“No material thing is strong enough to bear the burden of the world. But the everlasting Word [logos] of the eternal God is the firmest and surest support of the whole. He stretches to reach from the middle to the edges and from the heights to the middle, uniting and binding all the parts with nature's unfailing course. For the Father who begot Him made Him the unbreakable bond of all".
Philo of Alexandria.
So what's it really about then?
Spending too much. Eating too much. Totally forgotten nights at New Year's because of way to much drink?
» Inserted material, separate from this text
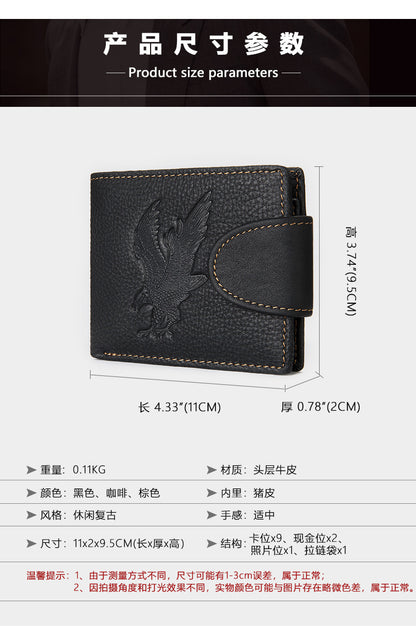 メンズ短財布 牛皮本革製 鷹 個性 ファッション 男性用カードバッグウォレット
It's all just a jumble of old traditions - mistletoe and mince pies, Santa and carols. The 'religious' bits are unnecessary - irrelevant really. Family and friends and "happy" moments - that's what it's actually all about.
The contemporary Christmas certainly wants to substantiate a new myth - that Christianity's 'idea' of us being visited by God Himself was some kind of much later invention - Jesus really wasn't important in that way - just a nice guy to think about now and then, a little like father Christmas!
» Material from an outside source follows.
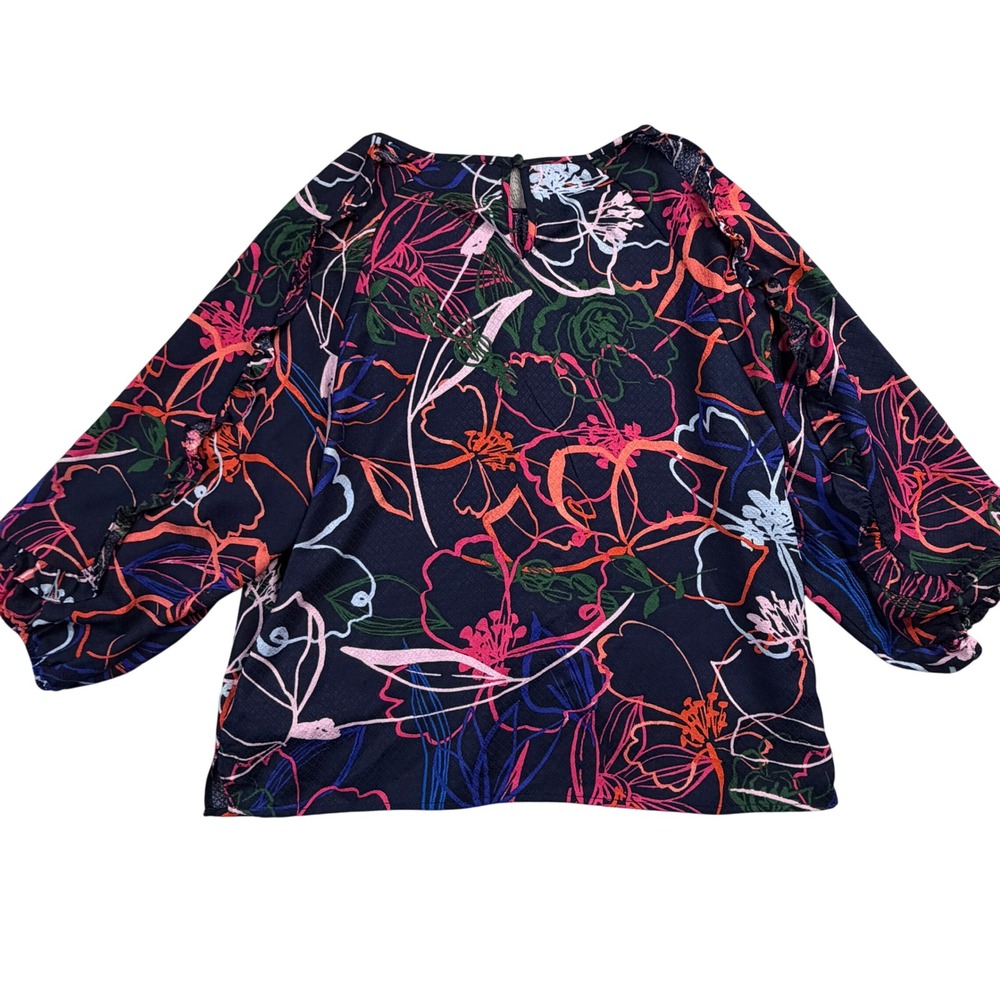 NWT Zac & Rachel‎ Maritime Blue Floral Ruffle Sleeve Blouse Medium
It's a lie that is quickly (and rightly) binned in a few moments.
A century before the nativity, the Jewish scholar Philo wrote the above words, echoing something which had been recognized in Judaism from the days of Moses and earlier - the issue of the 'mystery' of the persons of Elohim (the Lord God), touched upon so clearly in the passages of the Old Testament (Isaiah 44:6).
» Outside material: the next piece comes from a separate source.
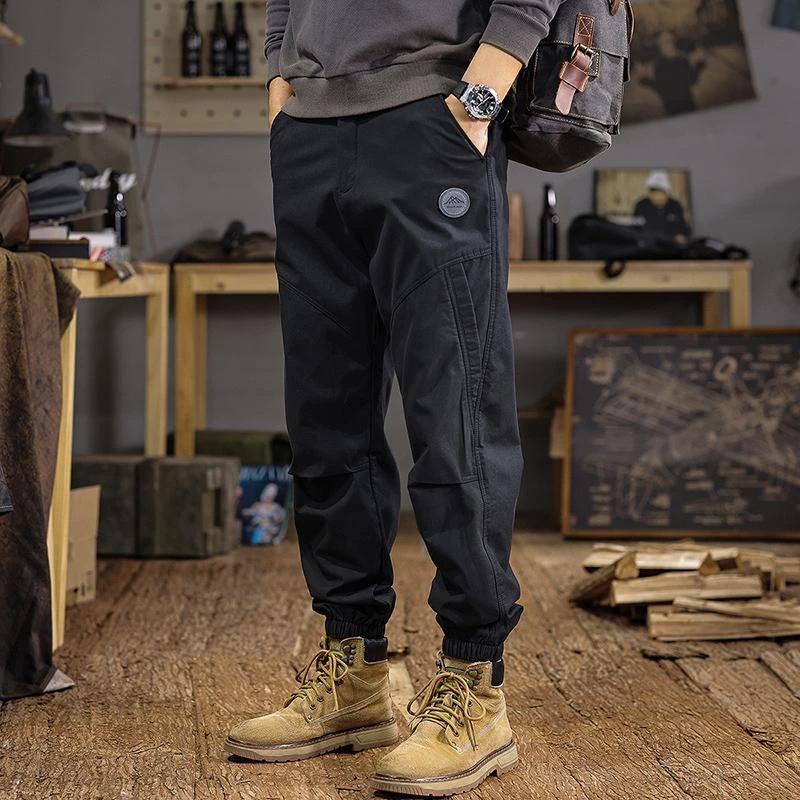 秋冬新款工装休闲裤男宽松纯棉百搭运动束脚裤冬季加绒加厚长裤子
Within the very first days of the church beginning to proclaim Jesus as Lord (supreme authority), it was clear that such statements and hymns spoke of such Lordship being expressed in Christ's life, death and resurrection (Philippians 2:5-11) and that this therefore became the source of our understanding of the nearness and purpose of God - to draw close to us that we might touch and see His goodness and intent; to rescue us from darkness by His love.
The very 'Word', which both Paul and Philo remind us holds all things together to do the Father's will, came amongst us - that is the intent of the season, to reflect upon how the one who perfectly reflects and conveys the astonishing fellowship and nature of God came to us, lost souls that we are, that we might touch, might see the reality of God's love.
History and revelation bear witness to this truly supernatural fact - a truth which should season our days here with a sense of what, thankfully, truly resides beyond the often pantomime-like 'festivities' that parade as Christmas.
"God of God, Light of Light, Lo He abhors not the Virgin's womb,
Very God, begotten not created,
Oh come, let us adore Him, Christ the Lord".